39 Evolution seems always to seize on some such force as the obsession with money, because it is easier to organize life when there is such a force on hand. Such forces invariably land mankind in the Midas Situation – almost literally so, in this case. The lust to find cheaper methods of production, such as automation, finally destroys the lust itself. We chase the reward, we get the reward; and then we discover that the true reward is always the next reward. Automation may seem an end in itself, just as buying pleasure may; but these false ends in themselves simply take us to where we can see they are not.
THE DUTIES OF LEISURE
40 That leisure seems to have no duties is precisely what puritans object to in it; the puritan fallacy is that there is something intrinsically noble in work. This historically explicable need to enhance the value of work really undertaken only in order to get wages has created a climate in which too much external pleasure and enjoyment very quickly cloy.

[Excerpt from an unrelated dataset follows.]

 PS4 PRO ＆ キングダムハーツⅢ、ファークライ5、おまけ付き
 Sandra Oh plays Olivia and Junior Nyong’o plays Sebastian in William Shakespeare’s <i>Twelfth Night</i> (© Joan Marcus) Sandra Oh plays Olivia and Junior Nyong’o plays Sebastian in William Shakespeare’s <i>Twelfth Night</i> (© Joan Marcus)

It is a mistake to think that a man who has been long conditioned to enjoy three weeks’ holiday a year is necessarily happier when he is suddenly given six. Whatever situation we are in we try to derive some relativity of recompense from it; and so in a condition without, for a stranger, any possibility of happiness a habitué will find some happiness. Indeed, he is almost certainly a habitué because he has found rewards in the condition. Our ability to enjoy is conditioned by the situation in which we have had to learn to enjoy.
41 The first duty of having leisure is thus to learn to enjoy it; and this seems to me enormously more difficult than the optimists would have us believe. No union has yet called its members out on strike for less wages and longer hours; but the day may come.
42 The second duty of having leisure is more like one of the old duties. It is to share one’s leisure, that is, to give some of it to those who still have insufficient leisure.
43 Poverty is the counterpole that drives us now; soon it will be ignorance. The hungry brain, not the hungry belly; lack of knowledge and experience, not lack of food. A society of leisure must to begin with be a minority society. The counterpole of ignorance will be easily found outside its frontiers. The chief function of the first leisure societies will be the education, improvement and enleisurement of the backward societies of the world. There cannot be any true leisure until all the world possesses it equally.
44 This is the great change that must take place in human history. The rich societies must give away not only their surplus money, but their surplus leisure and their surplus capacity to educate.
45 These things will never come to be without planning; above all planning and reorientating our systems of education. Shaw (in Major Barbara) saw the pointlessness of expecting any moral progress before economic advancement has been achieved. In some countries that economic advancement has now largely been achieved; yet there is no sign of any change in the educational systems. They are still geared to the necessities of the first stage – to Andrew Undershaft’s insistence on concrete economic achievement-not to his daughter Barbara’s vision of a proper human education.